There is an infinitely large family of 4-regular planar graphs that admit both bendless smooth orthogonal and bendless octilinear drawings.

In the next two theorems we show that \(SC_1\) and \(8C_1\) are incomparable.

Theorem 2

There is an infinitely large family of 4-regular planar graphs that admit bendless smooth orthogonal drawings but no bendless octilinear drawings.

Proof

Consider the planar graph C of Fig. 4a, which is drawn bendless smooth orthogonal. We claim that C admits no bendless octilinear drawing. If one substitutes its degree-2 vertex (denoted by c in Fig. 4a) by an edge connecting its two neighbors, then the resulting graph is triconnected, which admits an unique embedding (up to the choice of its outerface; see Figs. 4a and b). Now, observe that the outerface of any octilinear drawing of graph C (if any) has length at most 5 (Constraint 1).
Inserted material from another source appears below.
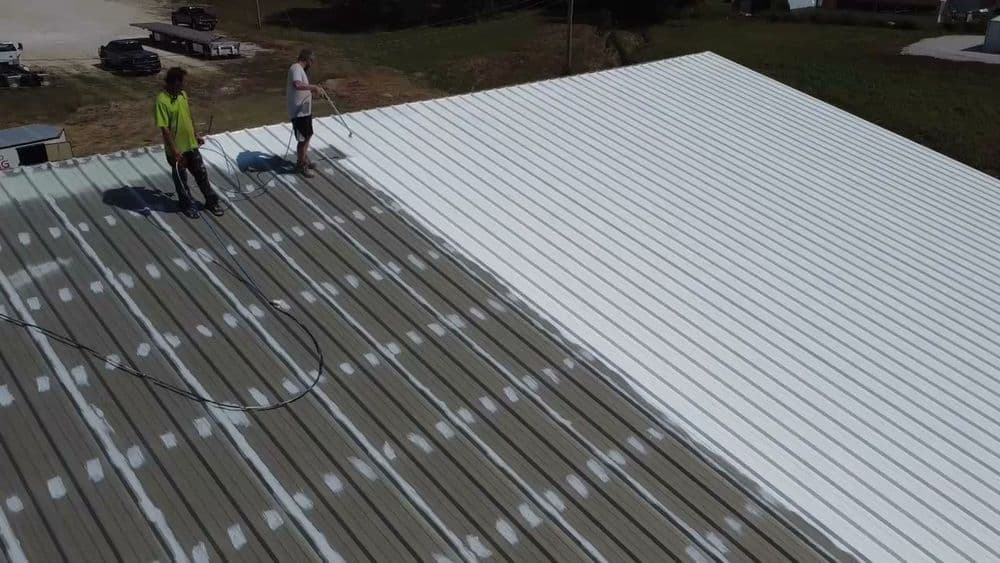 Workers applying white coating to a metal roof under clear skies.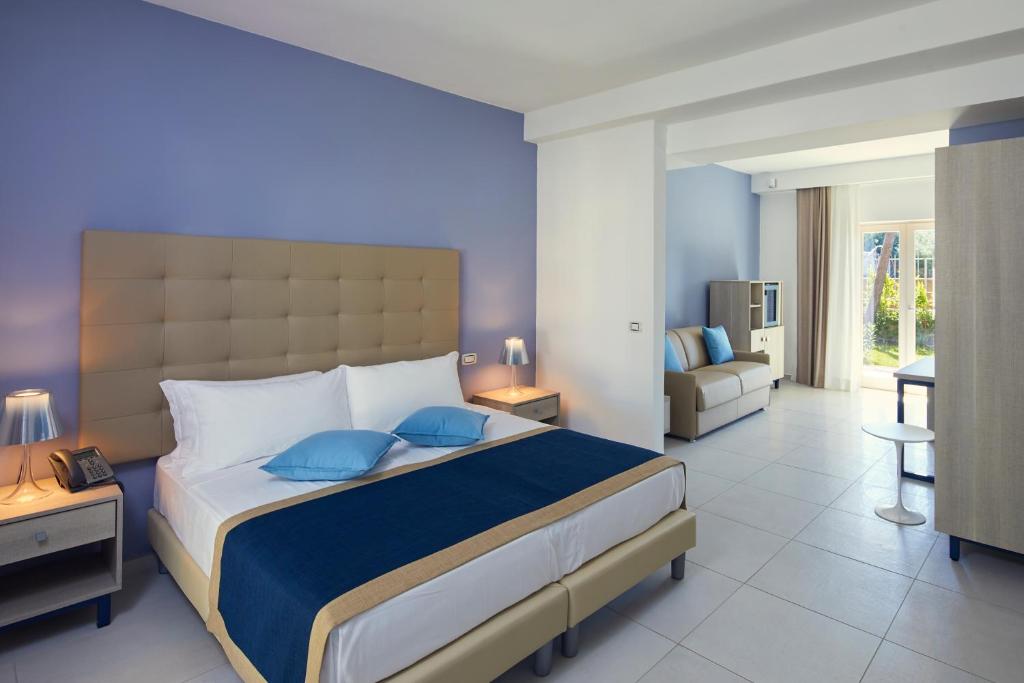 une chambre avec un grand lit et un salon dans l'établissement TUI BLUE Tropea, à Santa Domenica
In addition, each vertex of this outerface (except for c, which is of degree 2) must have two ports pointing in the interior of this drawing, because every vertex of C is of degree 4 except for c. This implies that the angle formed by any two consecutive edges of this outerface is at most \(225^\circ \), except for the pair of edges incident to c (Constraint 2). But if we want to satisfy both constraints, then at least one edge of this outerface must be drawn with a bend; see Fig. 4c. Hence, graph C does not admit a bendless octilinear drawing.

Fig. 4.
figure 4

Illustrations for the proof of Theorem 2.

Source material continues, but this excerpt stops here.